In primo luogo, Platner ha un approccio più cauto rispetto alla regolamentazione delle armi da fuoco, probabilmente dovuto al fatto che le comunità rurali del Maine tengono particolarmente ai diritti del Secondo Emendamento.
Inoltre, la sua esperienza sul campo di battaglia lo ha reso un acerrimo nemico delle forever wars, ossia di quella cultura politica, mista ai due partiti, secondo cui gli Stati Uniti devono usare le forza armata per svolgere il ruolo di polizia globale. In un post di critica alla sua avversaria, la senatrice repubblicana Susan Collins, Platner ha denunciato il suo voto per l’autorizzazione del Congresso a intraprendere le ostilità con l’Iraq.
Un altro mito da sfatare è quello secondo cui, data la popolarità dei democratici in Maine, la strada sia spianata per Platner. Sebbene sia vero che, tra Governatore, Senatori federali e membri della Camera dei Rappresentanti, Collins sia la sola repubblicana, non bisogna però sottovalutare la fedeltà del suo elettorato.
Collins è una centrista per eccellenza: ha votato insieme a John McCain per mantenere l’Obamacare ed è tra i repubblicani che hanno votato per il secondo impeachment di Trump. Il suo modus operandi bipartisan è chiarissimo se si osserva il suo pattern di voti con il tracker fivethirtyeight.com.
Collins inoltre ha una carriera ormai storica nel Senato statunitense: sono quasi trent’anni, dal lontano 1997, che la senatrice occupa il seggio del Maine. Platner deve perciò convincere l’elettorato ad abbandonare la vecchia guardia.
L’ultima battaglia di Platner è inoltre interna al partito. La sfidante più pericolosa alle primarie democratiche è la governatrice uscente, Janet Mills.
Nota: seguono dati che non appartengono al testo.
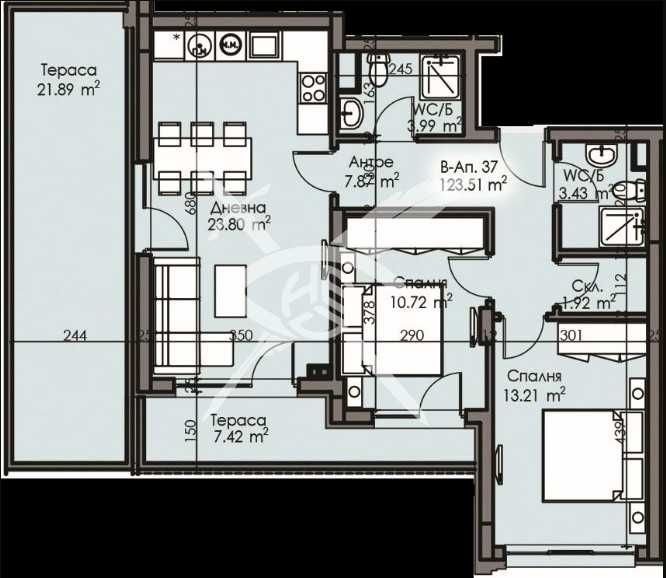 Тристаен апартамент в Бургас, Изгрев - 123 кв.м за 1256 €/кв.м - Снимка #1
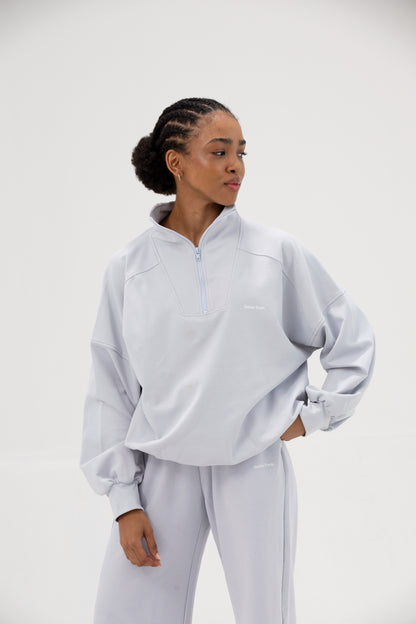 Co-ord Funnel Neck Zip Sweater & Straight Leg Sweatpants - Ice Water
Mills ha ottenuto l’endorsement di moderati come Schumer, mentre Platner gode del supporto dell’ala progressista-populista del partito, Sanders in testa.
Ad esso vanno aggiunti alcuni piccoli scandali mediatici: uno fra tutti, un tatuaggio, ora coperto, di una testa di scheletro che pare somigliare a un simbolo delle SS naziste. Platner sostiene di non essere stato a conoscenza del significato del simbolo e lo ha recentemente coperto con un altro tatuaggio.
In generale, però, siamo di fronte senza dubbio a un progressista che cerca di scuotere le aule di Washington. «Non abbiamo ottenuto la settimana lavorativa di 40 ore perché qualcuno ha scritto una lettera cortese al suo congressman» dichiara Platner in una Town Hall. L’idea è dunque quella di una politica “rivoluzionaria”, che sia sempre più sensibile ai bisogni dell’americano medio.